Work to be completed » An exact transcription of each entry below is required, without any pictures.

Exercise data »
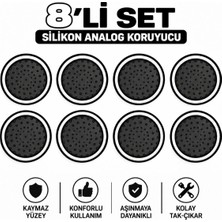 Pop Konsol 8 Adet Analog Koruyucu Silikon Kılıf Topuz Koruma PS4 PS5 Xbox One 360 Series SX Switch Pro Uyumlu Beyaz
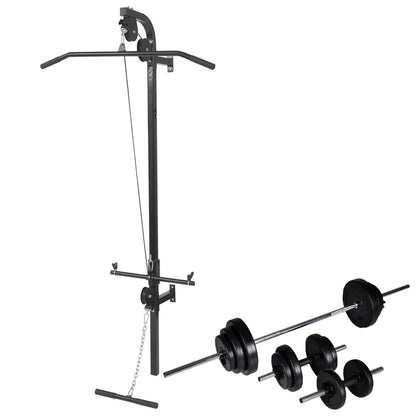 Máquina Musculación Power Tower Con Pesas Y Mancuernas 60,5 Kg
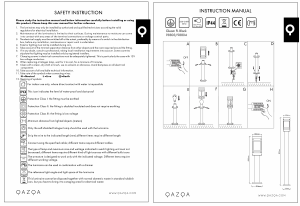 Bruksanvisning Qazqa 98804 Gleam Lampa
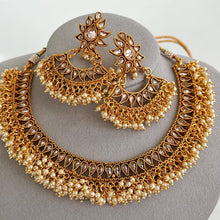 Gold Polki Kundan necklace/South Indian Jewelry/Temple Jewelry/Guttapusalu Necklace/Wedding necklace/Bridal necklace/Indian necklace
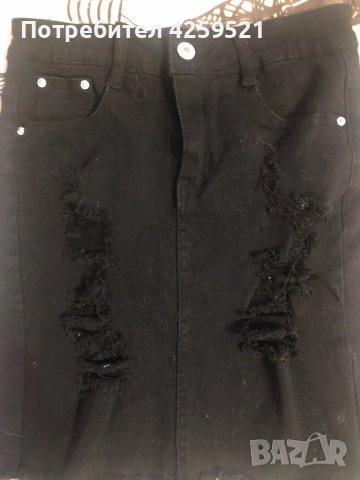 Къса дънкова пола, снимка 4 - Поли - 48894677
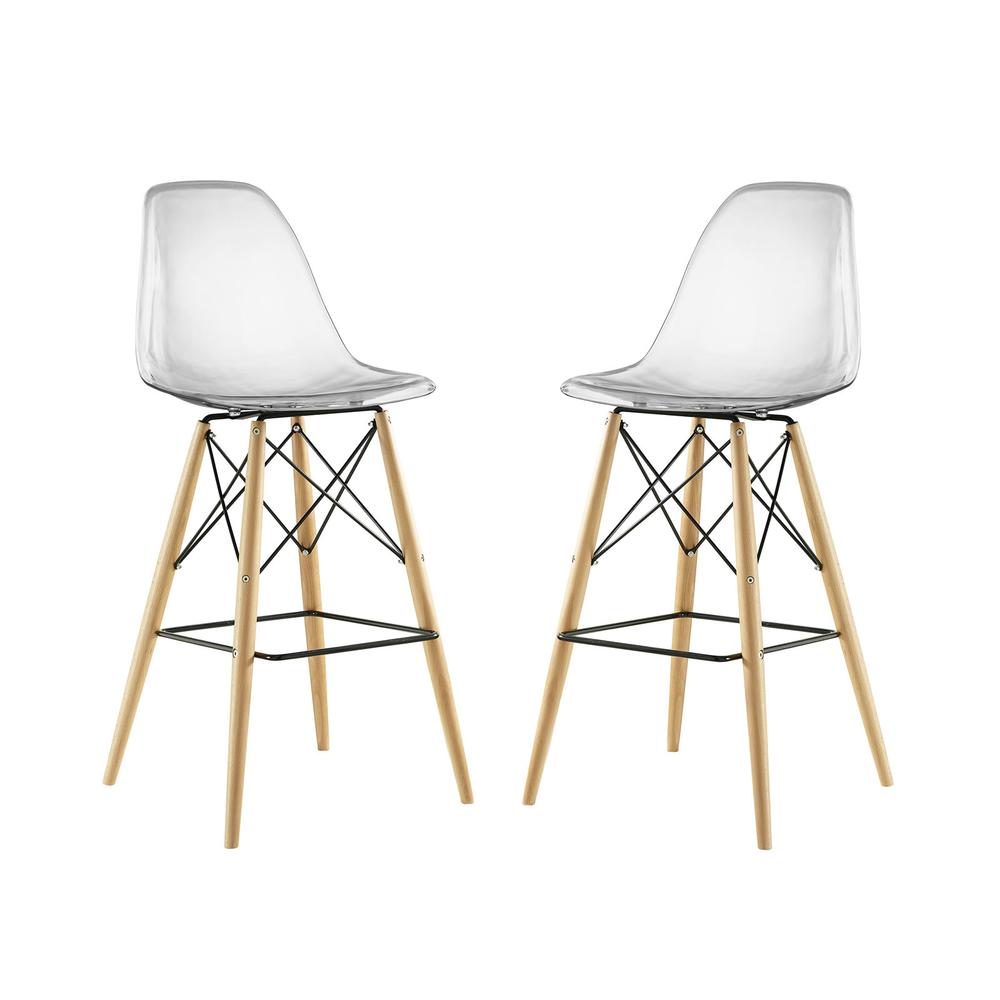 Pyramid Dining Side Bar Stool Set of 2. Picture 2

Response below »
 Pop Konsol 8 Adet Analog Koruyucu Silikon Kılıf Topuz Koruma PS4 PS5 Xbox One 360 Series SX Switch Pro Uyumlu Beyaz
 Máquina Musculación Power Tower Con Pesas Y Mancuernas 60,5 Kg
 Bruksanvisning Qazqa 98804 Gleam Lampa
 Gold Polki Kundan necklace/South Indian Jewelry/Temple Jewelry/Guttapusalu Necklace/Wedding necklace/Bridal necklace/Indian necklace
 Къса дънкова пола, снимка 4 - Поли - 48894677
 Pyramid Dining Side Bar Stool Set of 2. Picture 2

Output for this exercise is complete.